● **STUDY MATERIAL**:
++++
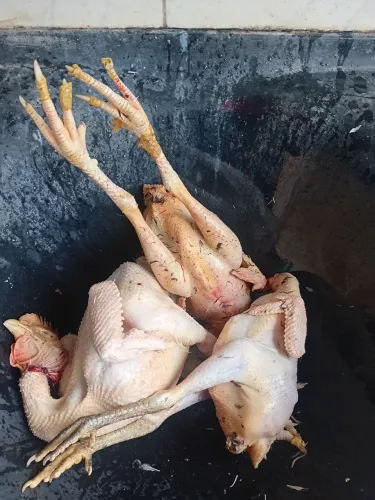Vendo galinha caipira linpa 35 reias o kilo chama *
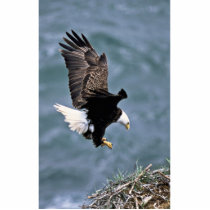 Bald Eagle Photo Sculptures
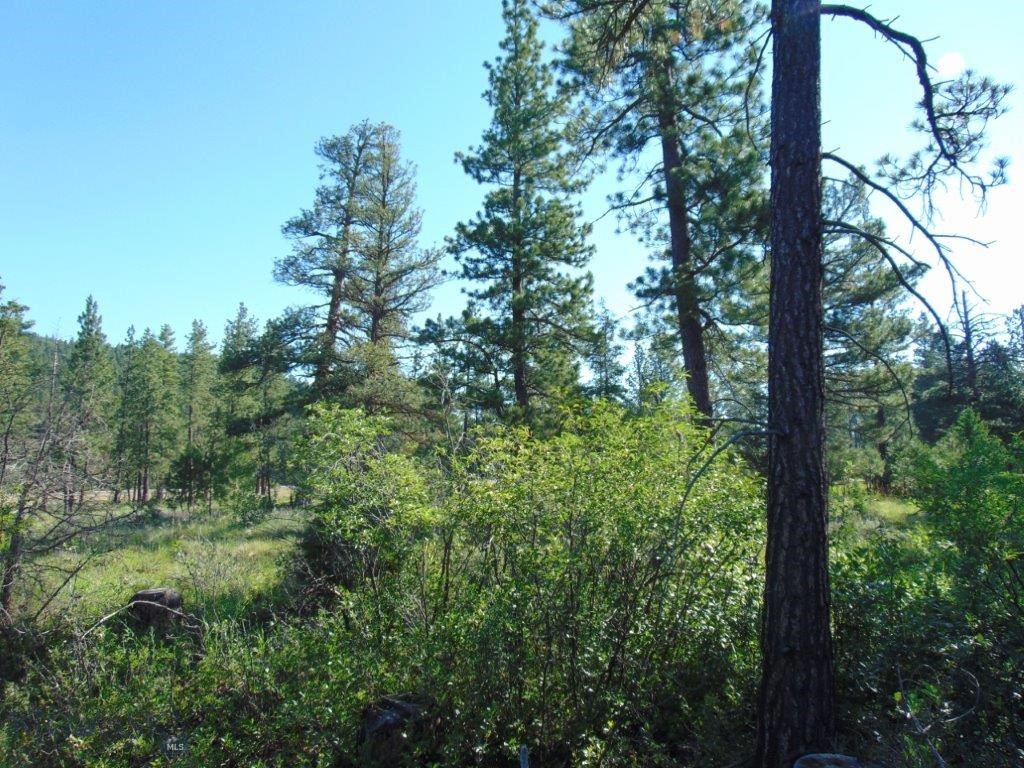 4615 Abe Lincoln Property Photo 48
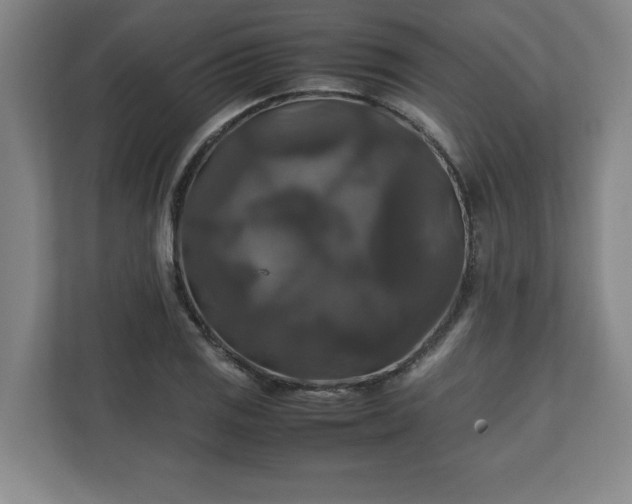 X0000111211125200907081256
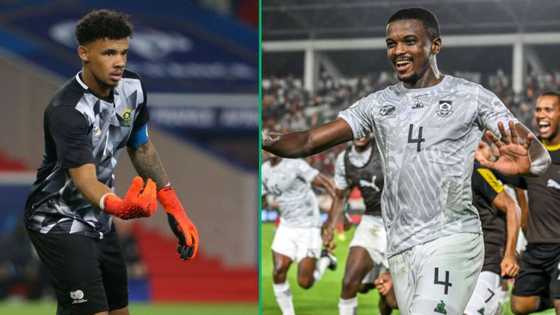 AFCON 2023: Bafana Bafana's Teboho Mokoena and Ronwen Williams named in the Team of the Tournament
++++
Print only the lines running from the line that contains "X0000111211125200907081256" to the final line of the listing, both included. Omit every picture.

 X0000111211125200907081256
 AFCON 2023: Bafana Bafana's Teboho Mokoena and Ronwen Williams named in the Team of the Tournament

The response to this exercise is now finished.